“Planted acreage is just one variable determining final production,” Adam notes. “Weather is often a more significant determinant, particularly weather developments in the southwestern U.S. With this in mind, we could see the U.S. crop ranging from a low of 9.5 million bales to a high of 17.0 million bales. ”

Survey responses said that corn accounts for slightly more than half of the planned decline. Soybeans account for the remainder of the decline in acres, with many of the soybeans being double-cropped with wheat. 

“Based on USDA costs of production and trend yields, the shortfall between cotton net returns and returns for corn and soybeans is substantially larger than in 2009 – the most recent low in acreage,” noted Adams, who presented the survey results at the opening of the Council’s committee meetings.

Southwest growers are indicating total upland acres of 5.23 million, down 24.4 percent from last year.

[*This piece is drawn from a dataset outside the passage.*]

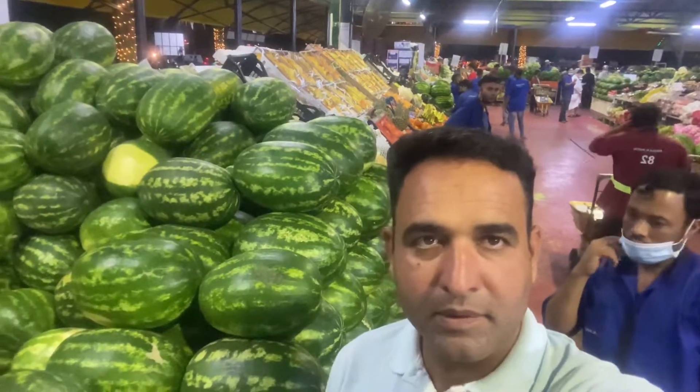Here is where we purchased the watermelons from. There are a lot of watermelons stacked on top of each other. That is what I got to say.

The respondents planting less cotton said they intend to move those acres into grain sorghum, wheat and corn, in that order. The survey indicated that some producers are planning to increase cotton, with some of those acres coming from grains but the larger reason underlying the increase appears to be weather. Growers unable to plant last year due to drought conditions are expecting to sow more acres in 2013. 

In the West, a 12.2 percent reduction is expected with the regional total at 341,000 acres, and the vast majority of those acres moving into specialty crops. For ELS cotton, U.S. acreage is pegged at 203,000 acres, down 15 percent. As is the case of upland cotton, ELS prices down from year-earlier levels are inducing a shift to other crops.